The process began with all of the UK universities who are members of the British Fashion Council meeting to discuss proposals to encourage the industry to reward students for their work.
Senior Lecturer Karen Ryan was then chosen to be part of a five-person working group that spent the last 18 months drafting the documentation and she said AUB wanted to be at the forefront of an initiative to help students.
Karen said: “We were really keen to be involved because we thought this process was really important not only for the course but also for AUB and all of the Senior Management here have been really supportive of this initiative.
“In the past, students may have expected they would do placements for nothing but that shouldn’t happen any more.

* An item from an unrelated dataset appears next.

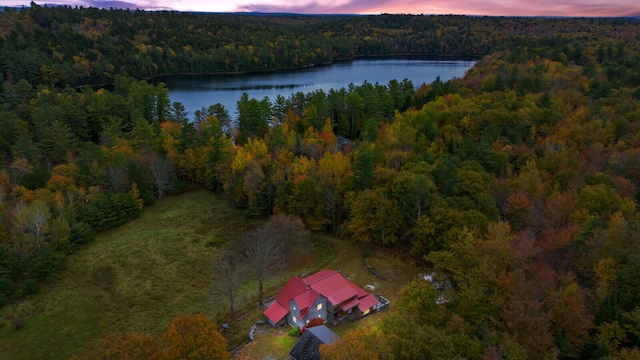 aerial view at dusk featuring a water view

“If a student on an internship is working set hours and is doing set work then they are an employee who has employee’s rights and they should be getting paid.
“We don’t want any student to go on a placement and be out of pocket, but this is also about widening participation.

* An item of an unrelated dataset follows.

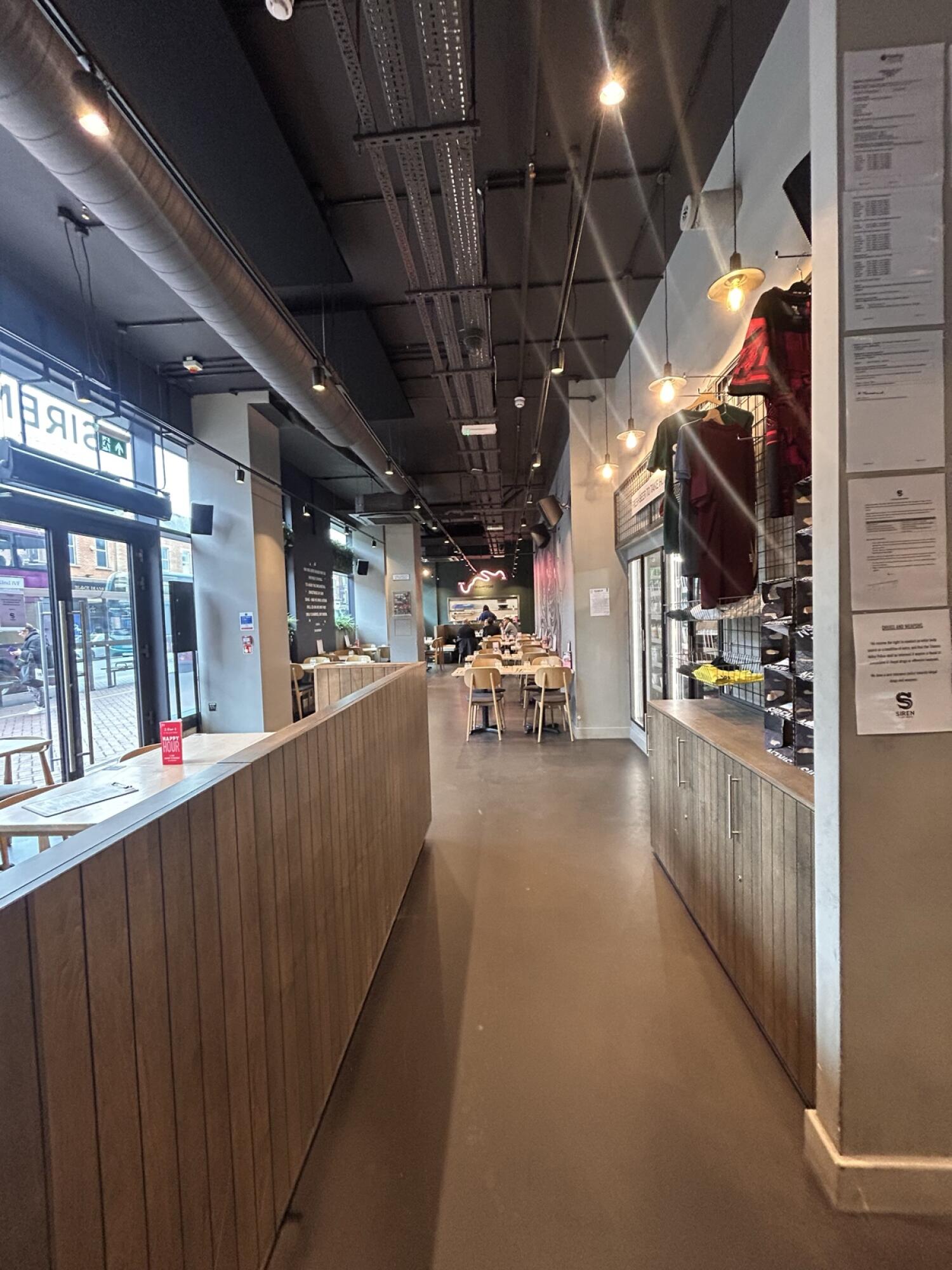 From end of counter facing straight. Partition on left. Shelf on right. Seats at back.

“If you have students from lower-income family groups, the whole process of doing an industry placement can be really alienating for them, especially if they know it’s not paid and it’s in London – there’s no way they can possibly afford it.
“But as a university we really support widening participation and the whole point of supporting this is to try to make it so everybody can do it – this can only happen if they are paid something for their work.”
The Best Practice Guide is not enforceable but it is hoped it will help encourage a sea-change in the attitude of the industry.
In line with its Positive Fashion initiative, the British Fashion Council says it is “committed to helping create an industry that drives forward best practice behaviours and supports an inclusive, diverse and sustainable fashion industry”.
The Best Practice Guide continues: “Our aim is to ensure our industry fosters inclusive environments within businesses where workers are paid at least the National Minimum Wage and staff are supported and protected in the workplace. Establishing this as a benchmark standard will ensure that designer businesses are fulfilling their moral responsibilities and are compliant with UK law and their tax obligations.
“As the issue of unpaid internships has been brought to light in the media, HMRC has made it clear that it will crack down on the fashion and beauty industries where historically interns have unfortunately not been dealt with in accordance with the law.
“This Best Practice Guide has been developed with the support and input of members of the BFC Colleges Council. This will form part of a suite of documents including a Student Placement Learning Agreement with universities and a Best Practice Guide for Students, which we will share with the industry in due course.”